The water framework directive recognises this and requires a holistic view of the needs of the freshwater environment. It identified the pressures affecting Hampshire’s seven headwater chalk streams and set targets for the improvement of the chemical and ecological status of each. It also required stakeholders to be involved in local decision-making and delivery. Clearly, the quality of the water in these headwater chalk streams is critical, contributing as the streams do to the Test and Itchen river systems and the groundwater resource they share.

It therefore has to be a cause of considerable concern that recent surveys have shown that all the streams are at risk from excessive levels of nutrients, sediment and pesticides, the worst case being the River Alre, which is literally on my doorstep. The lake behind a weir, built in the 16th century to control the river waters before entering Alresford’s watercress beds, is heavily polluted with nitrates and phosphates, largely due to agricultural run-off. The Environment Agency is understood to have recently tested the water in the River Alre above the lake and found it below standard. An industrial-scale salad-washing plant is nearby and is licensed to use the river water to wash all pesticides and other chemicals from salads imported from Europe and elsewhere for distribution across the UK.

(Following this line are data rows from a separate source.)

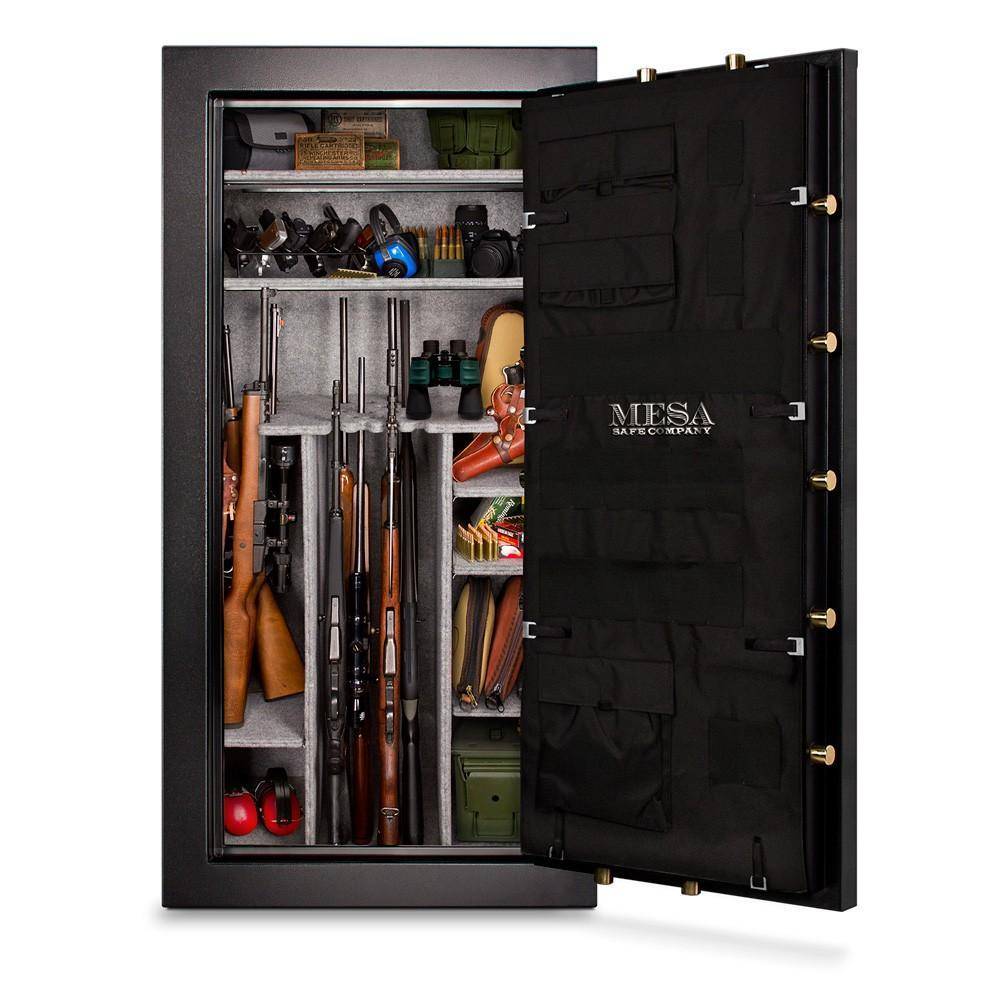 Mesa Safes Gun Safe Pocket Door Organizer PDO36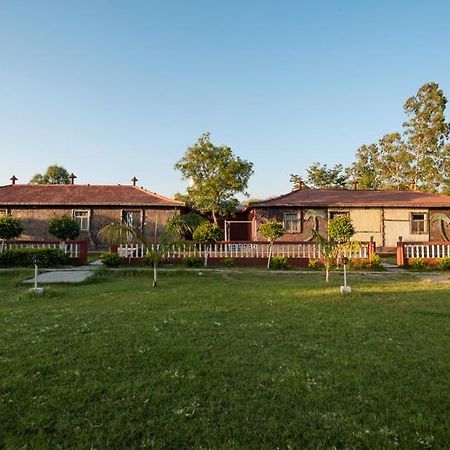 Upvan Wildlife Resort - Pura Stays Kālāgarh Kültér fotó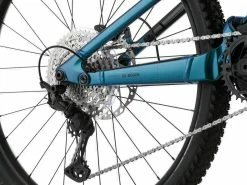 CANNONDALE Moterra Neo 3 VTTAE Deep Teal 2023 -Pas Cher accessoires vtt Magasin cannondale moterra neo 3 vttae deep teal 2023 6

Apparently, the Environment Agency is required to negotiate with polluters over infringements rather than close them, with predictable results. The Agriculture Bill should present an opportunity to strengthen this rather toothless organisation to tackle this extremely harmful abuse. To give just one example, Salmon & Trout Conservation considers the presence of these pesticides responsible for the marked decline in Gammarus freshwater shrimp, the foodstuff of the trout of the river.

I draw your Lordships’ attention to the UK Progress on Reducing Nitrate Pollution report from the other place. Have the Government taken action to take up and recognise the recommendations made by the committee that produced the report? They will be essential to tackle this hugely damaging problem of nitrates in our watercourses, water tables and water catchments.